How to increase model loading speed for real-time workflow? #929

TrollMasterr · 2025-03-28T14:05:25Z

TrollMasterr
Mar 28, 2025

Hi,
To increase loading speed, what should I do to keep model and as much as possible of parameters preloaded? Better edit the socket_server.py or somehow the infer_cli.py or other? Or maybe there is some settings for that?

I want to automatically generate lines coming from a real-time workflow.
The inference is like 3x realtime for me so it's good, but the initialization and loading before every individual inference takes way too much time.

I tried those:
The infer_gradio.py has nice latency and seems to keep the model loaded, but it won't work well, because I need it automated.

The infer_cli.py with predefined ref_text and ref_audio in .wav format is still quite slow I assume because of the delay associated with checking for things like "Download Vocos from huggingface charactr/vocos-mel-24khz" , loading model for each individual infer_cli.py call, for some reason even "Converting audio..." despite it being exactly what it outputs to temp.

the socket_server.py seems to keep model preloaded, but it seems to spend too much time chunking the audio and maybe even the playback of individual parts causes more delays? Maybe if it could just output it in 1 or 2 parts instead of so many chunks. How would i edit the chunking logic to make it take reasonable time.

The api.py i can't get to work so I didn't try it's latency.

Thanks for any help.

kiuyg22 · 2025-08-05T02:40:23Z

kiuyg22
Aug 5, 2025

Greetings,
I was just thinking the same thing, wondering if you guys come up with any approach.
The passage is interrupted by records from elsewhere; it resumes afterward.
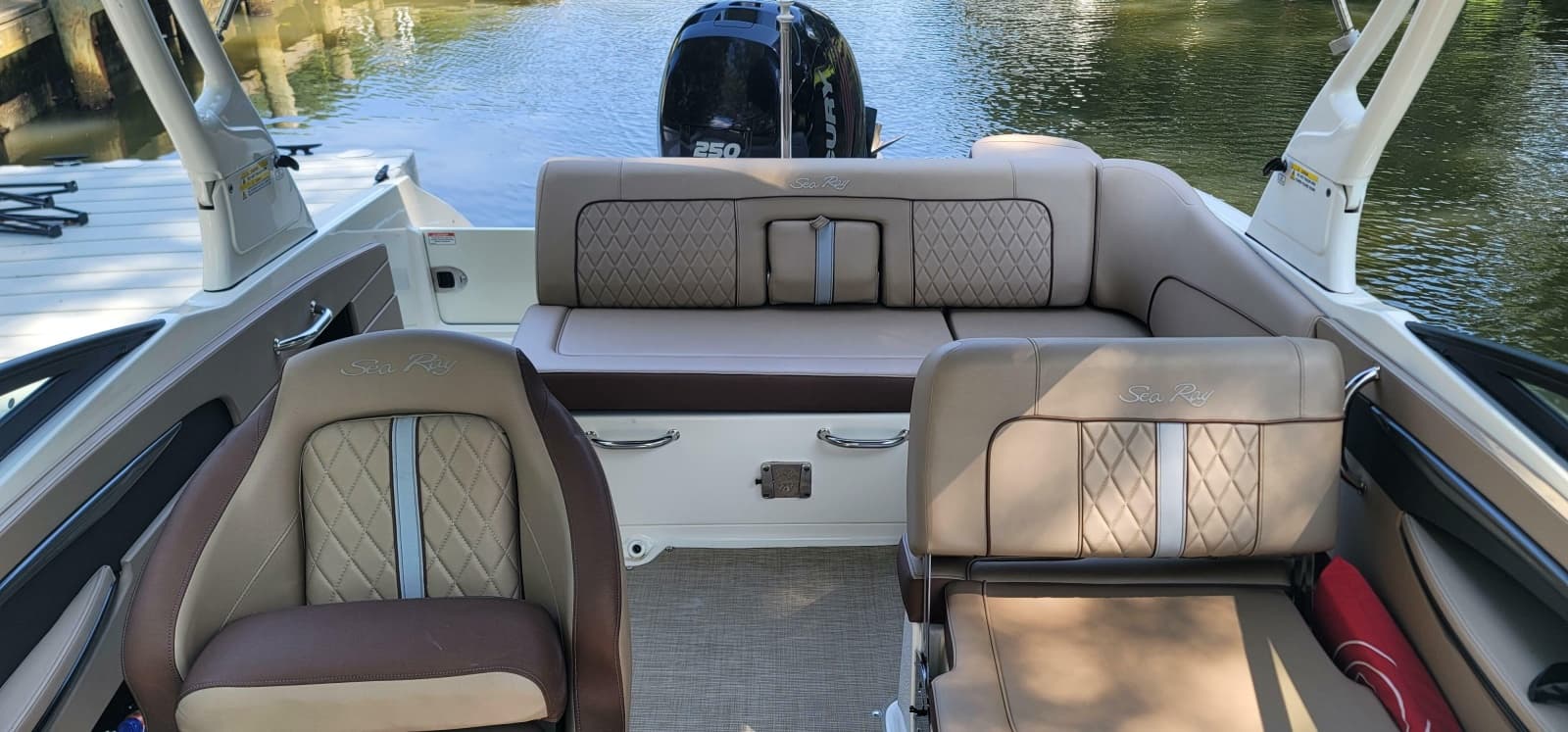 2017 Sea Ray SDX 240 Outboard - Photo 7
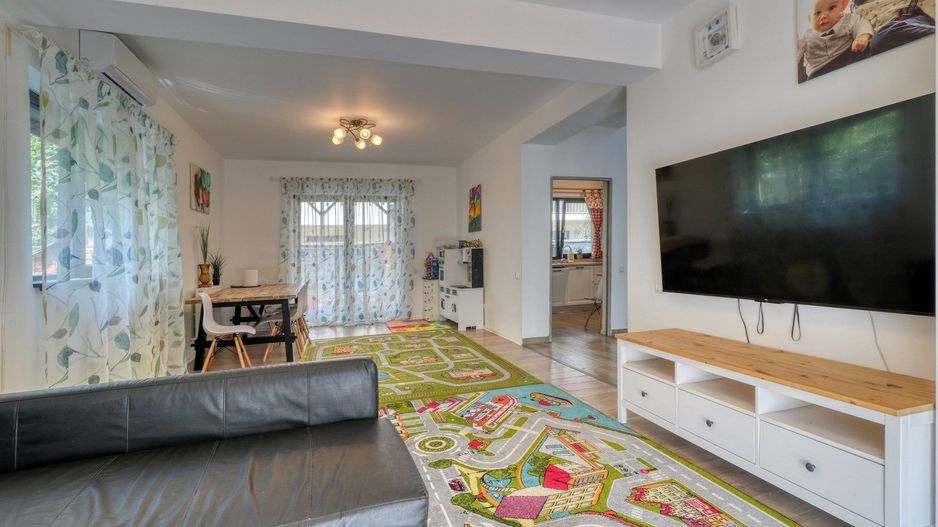 Tunari- Vilă individuală -4 camere si gradina- - Poză 11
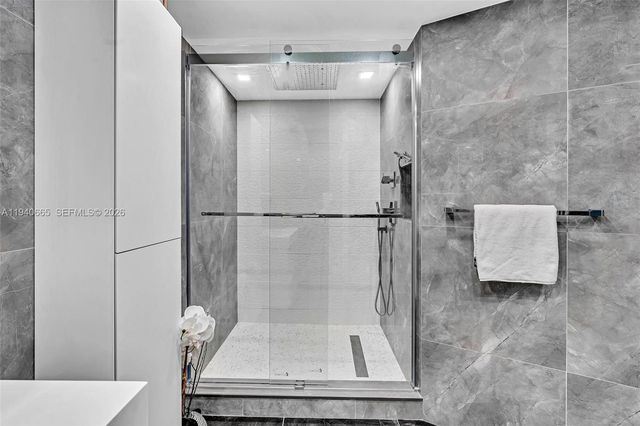 3530 Mystic Pointe Dr 411, Aventura, FL 33180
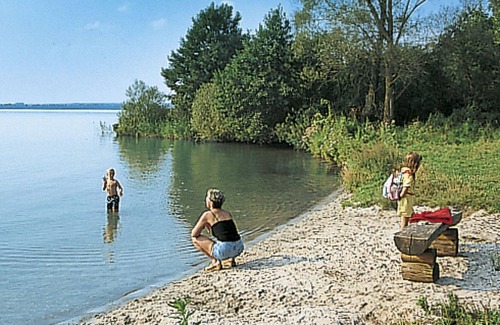 Dobin am See House | Lovely apartment in villa for 4 people with WIFI, TV, terrace, pets allowed and parking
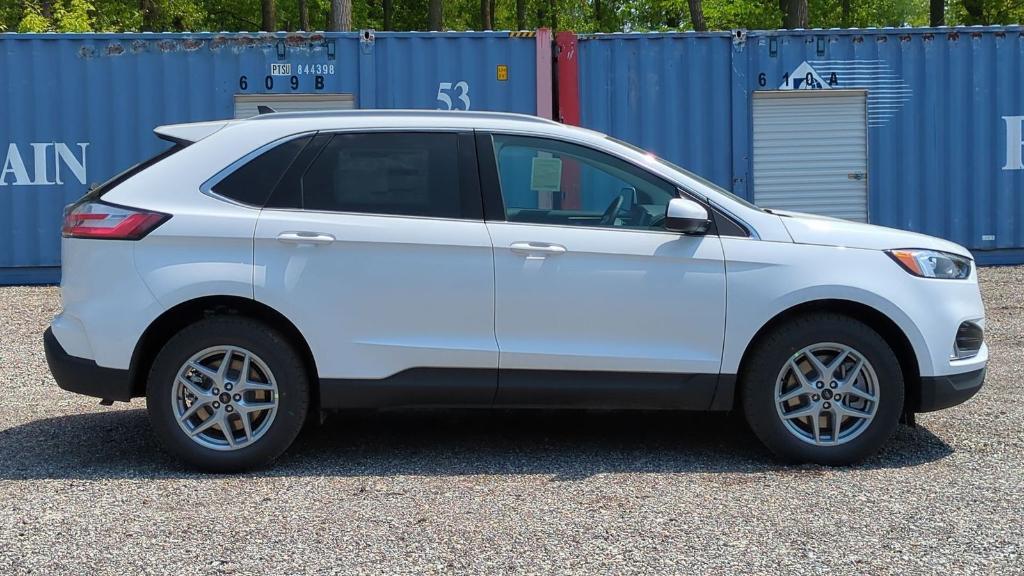 new 2024 Ford Edge car, priced at $35,911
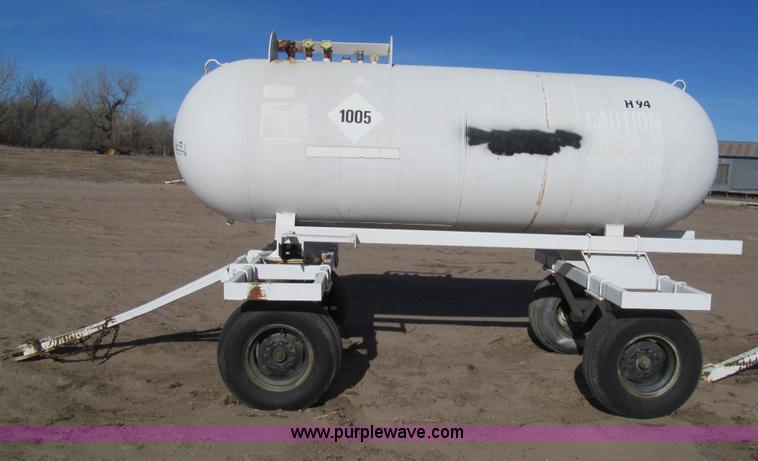 image for item G9630 Anhydrous tank and running gear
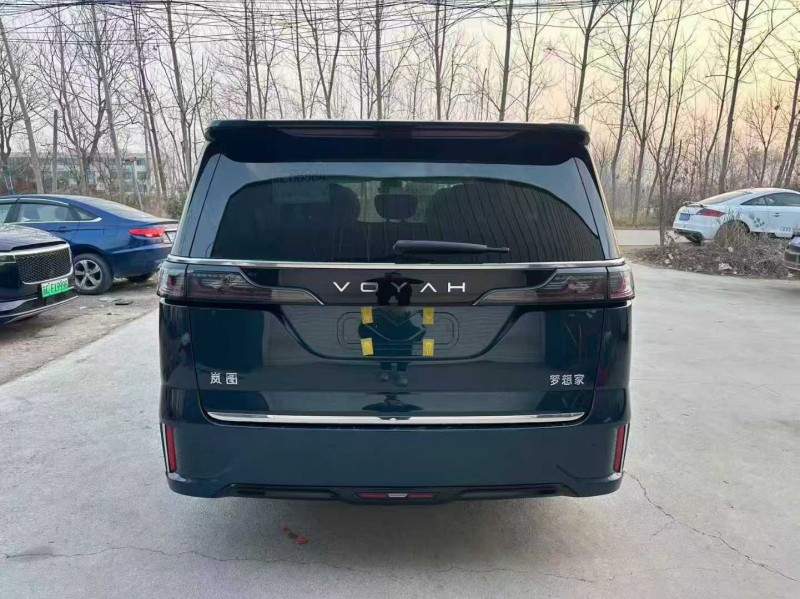 徐州25年岚图汽车梦想家8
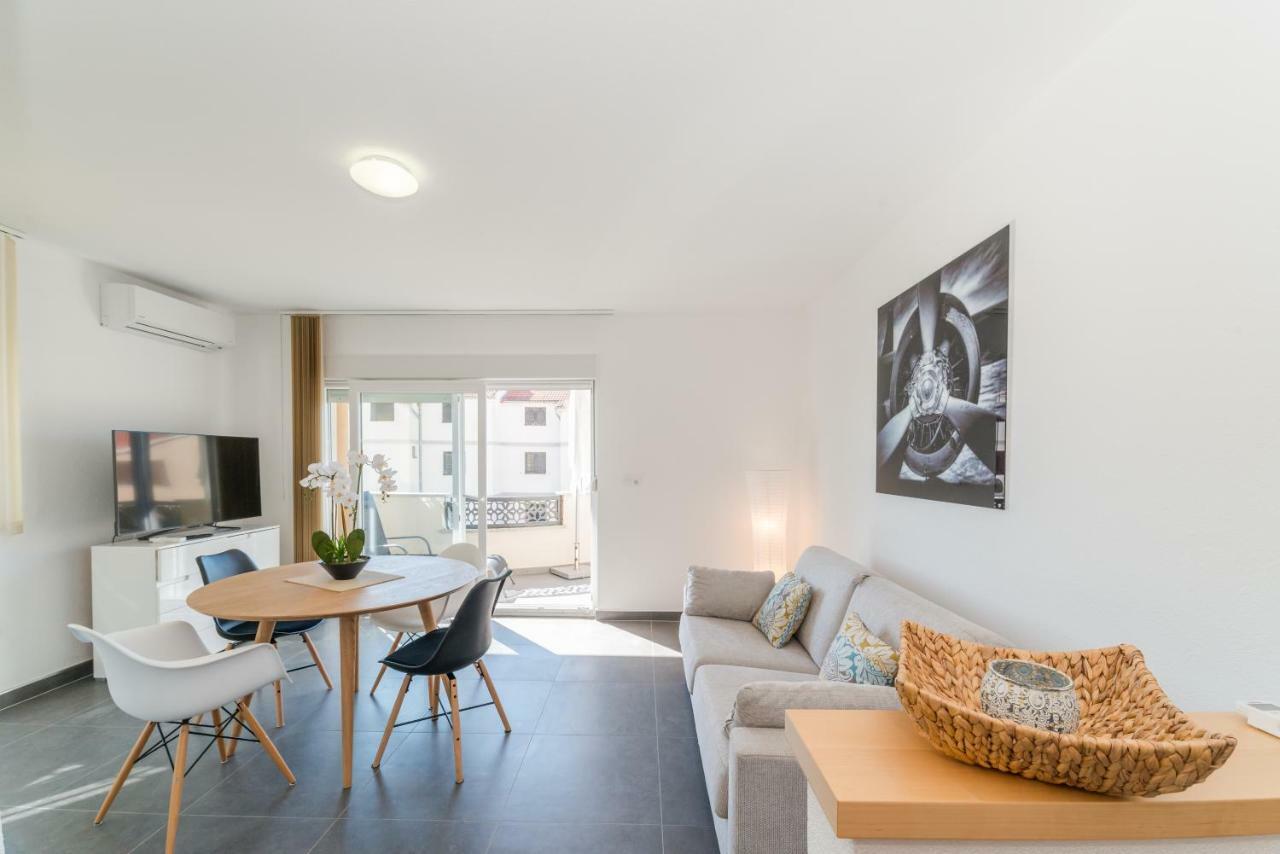 Apartments Nella プリヴラカ エクステリア 写真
Below is my failed attempt:

I tried the Gradio API Recorder on mrfakename's hugging face space demo.

with test.py (window 10, gradio version: 5.39.0, gradio_client version: 1.11.0):

from gradio_client import Client, handle_file
client = Client("mrfakename/E2-F5-TTS")
results = client.predict(
  ref_audio=handle_file('https://mrfakename-e2-f5-tts.hf.space/gradio_api/file=/tmp/gradio/46f7334e189927d3cba8104b07ceba8047cd7a962e773548e0614630d5eabdc1/japanese_ref.wav'),
  ref_text="え、うそでしょ?",
  gen_text="Upload a reference voice, give reference and generation text, and hear it in the same voice!",
  remove_silence=True,
  api_name="/predict"
)
print(results)

cmd C:\Users\username>C:\Users\username\Desktop\test.py return:

Loaded as API: https://mrfakename-e2-f5-tts.hf.space ✔
C:\Users\username\AppData\Local\Temp\gradio\fbce0d9ee92aa36953ec53291b80034ec2ff91f12e15185b1270e8390f209aea\tmpqlnhmzxo.wav

Which working as intended, but when it come to local host, I ran into an error:

Loaded as API: http://127.0.0.1:7860/ ✔
Traceback (most recent call last):
  File "C:\Users\username\Desktop\test1.py", line 5, in <module>
    client.predict(
  File "C:\Users\username\AppData\Local\Programs\Python\Python312\Lib\site-packages\gradio_client\client.py", line 497, in predict
    ).result()
      ^^^^^^^^
  File "C:\Users\username\AppData\Local\Programs\Python\Python312\Lib\site-packages\gradio_client\client.py", line 1602, in result
    return super().result(timeout=timeout)
           ^^^^^^^^^^^^^^^^^^^^^^^^^^^^^^^
  File "C:\Users\username\AppData\Local\Programs\Python\Python312\Lib\concurrent\futures\_base.py", line 456, in result
    return self.__get_result()
           ^^^^^^^^^^^^^^^^^^^
  File "C:\Users\username\AppData\Local\Programs\Python\Python312\Lib\concurrent\futures\_base.py", line 401, in __get_result
    raise self._exception
  File "C:\Users\username\AppData\Local\Programs\Python\Python312\Lib\concurrent\futures\thread.py", line 58, in run
    result = self.fn(*self.args, **self.kwargs)
             ^^^^^^^^^^^^^^^^^^^^^^^^^^^^^^^^^^
  File "C:\Users\username\AppData\Local\Programs\Python\Python312\Lib\site-packages\gradio_client\client.py", line 1206, in _inner
    predictions = _predict(*data)
                  ^^^^^^^^^^^^^^^
  File "C:\Users\username\AppData\Local\Programs\Python\Python312\Lib\site-packages\gradio_client\client.py", line 1320, in _predict
    raise AppError(
gradio_client.exceptions.AppError: The upstream Gradio app has raised an exception but has not enabled verbose error reporting. To enable, set show_error=True in launch().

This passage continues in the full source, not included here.